Researchers at Duke and the University of Vermont have added to the pile of knowledge in nutrition journals about monounsaturated and polyunsaturated fats. The explanation and definition of monounsaturated and polyunsaturated fats is totally scientific even its in simplicity, but in a nutshell, monounsaturated fat is healthier.
Researchers tested a small sample of subjects with polyunsaturated foods and monounsaturated foods. When the test subjects' diets were stronger in monounsaturated fats, the subjects were 12-15 percent more active than when their plates were heavier with polyunsaturated fats. Foods containing monounsaturated fats include peanuts, olives, avocados and chocolates.
Olive oil is about 75 percent monounsaturated fat. Olive oil, peanut oil, canola oil, avocados, poultry, nuts and seeds are major monounsaturated fat sources.
What foods contain polyunsaturated fats? Polyunsaturated fat can be found mostly in nuts, seeds, fish (salmon, albecore tuna and sardines) , algae, leafy greens, and krill. Polyunsaturated fats aren't bad, except when consumed in excess. The fatty acids in fish and seafood reduce heart attack risks. Fatty acids in safflower and sunflower oils may also reduce cardiovascular disease risks. Researchers deduced that after eating foods higher in polyunsaturated fats, research subjects reported increased levels of anger and hostility.
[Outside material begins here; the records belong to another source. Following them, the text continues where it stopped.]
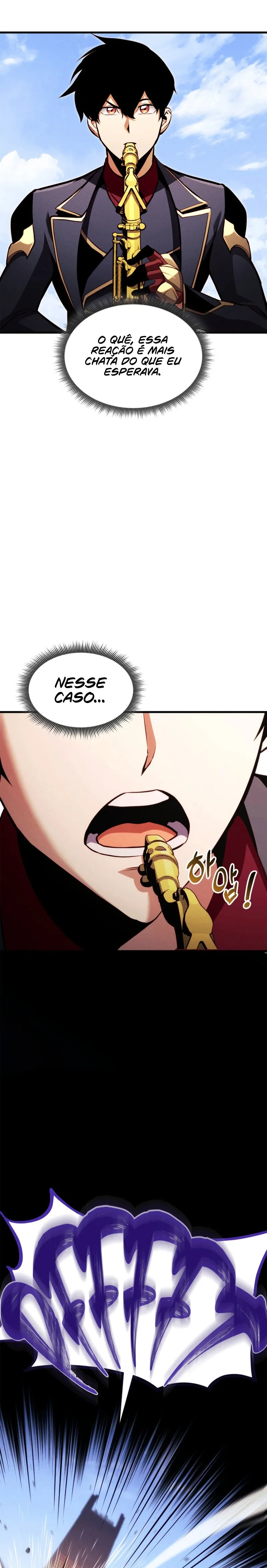 O Retorno do Ranker capítulo 199 página 6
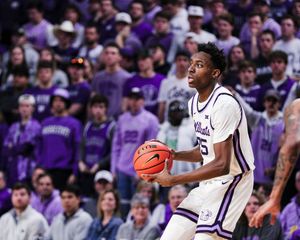 Image post by @KStateMBB on Twitter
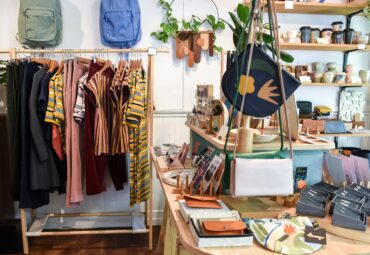 small businesses bookedin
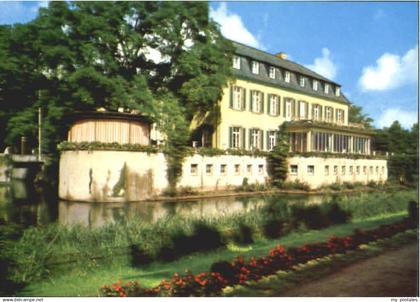 70113214 Gelsenkirchen Gelsenkirchen Schloss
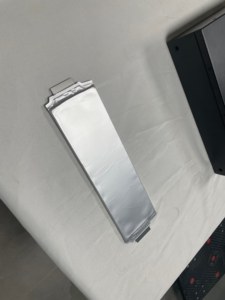 SK Cell 3.7V 60.3Ah Semi-solid State Llifepo4 Prismatic <b>Battery</b> with 4000 Cycles and 5-Year Warranty - Product Image 5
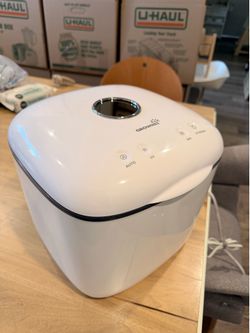 Grownsy UV Sanntizer-Excellent Condition
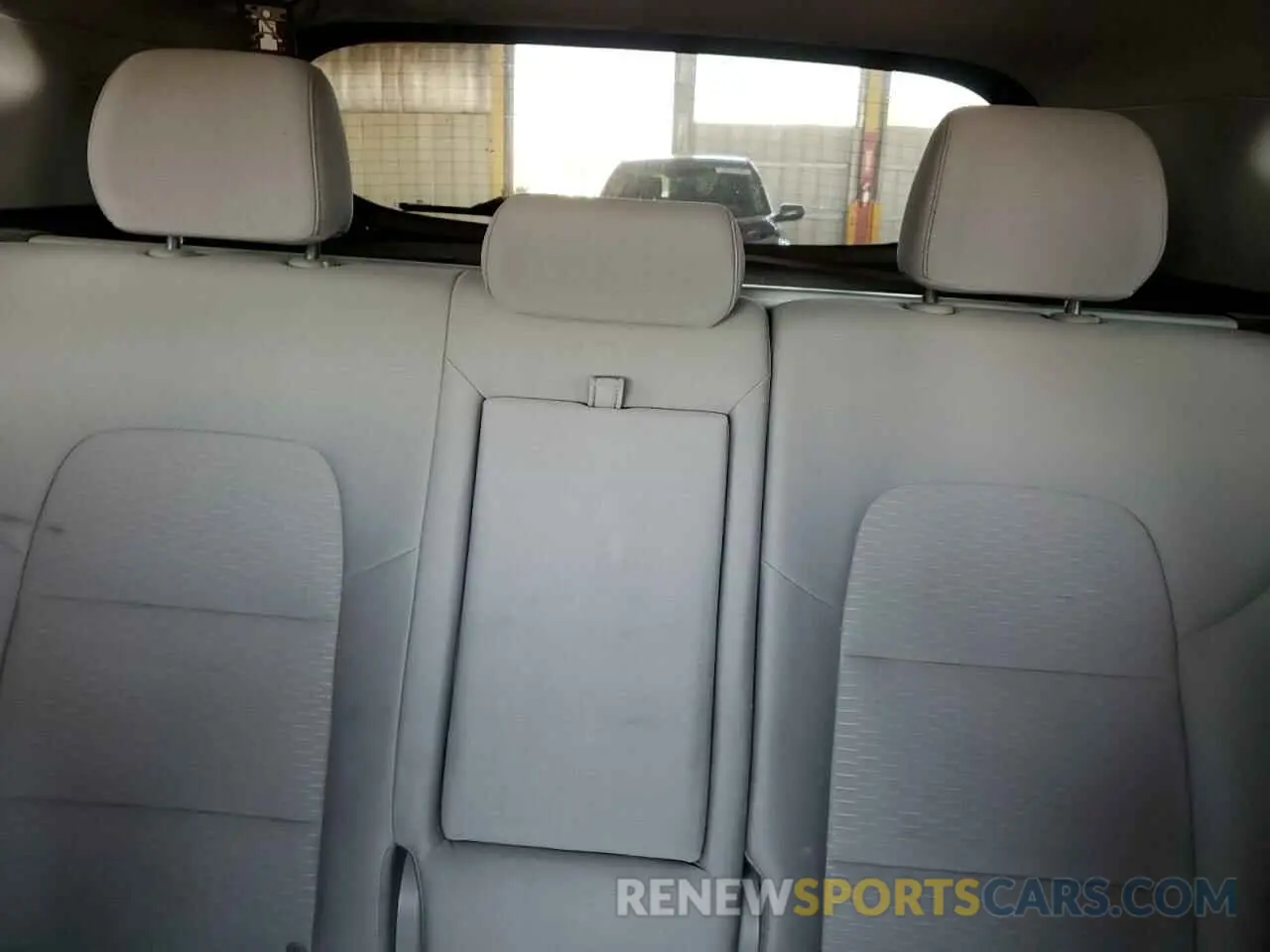 10 fotografías del automóvil dañado KM8J33A42LU149369 HYUNDAI TUCSON 2020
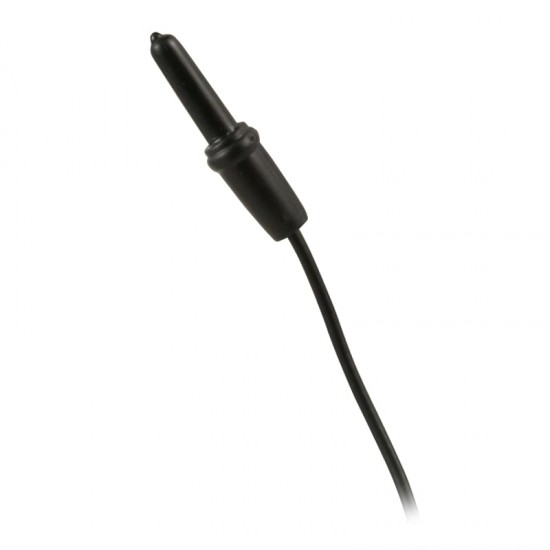 PCE-PHM 12-ICA Ph mérő hőmérsékletkijelzővel kalibrálva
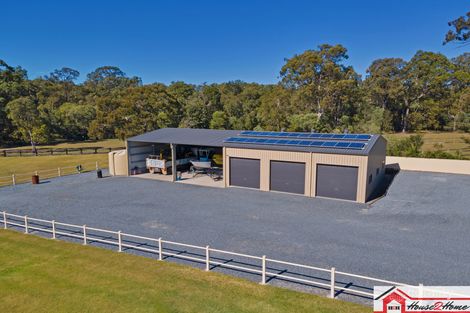 Property photo of 16 Healy Court Ormeau QLD 4208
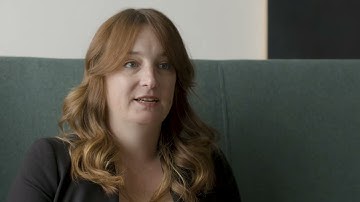 The Evolving Workplace | Change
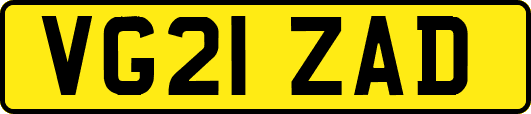 VG21ZAD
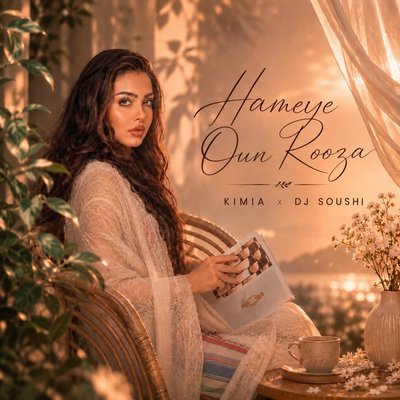 Hameye Oun Rooza (Ft. DJ Soushi) - Kimia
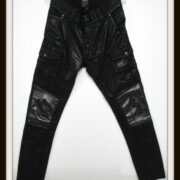 氷室京介 PERSONAL JESUS JODHPURS PANTS 1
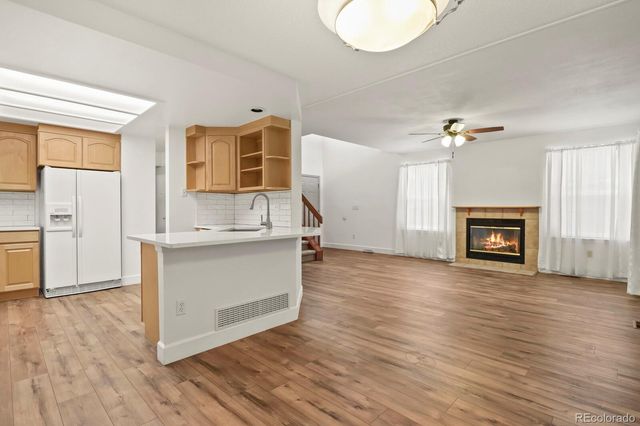8285 S Gaylord Circle, Centennial, CO 80122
While Duke and Vermont researchers have found a correlation between an active body and certain foods, there are after workout food recommendations to satiate big appetites after a workout, namely soy and dairy. A combined soy and dairy snack that contains about 20 grams of protein eaten within an hour after a workout helps repair and rebuild muscle much better than pure dairy protein.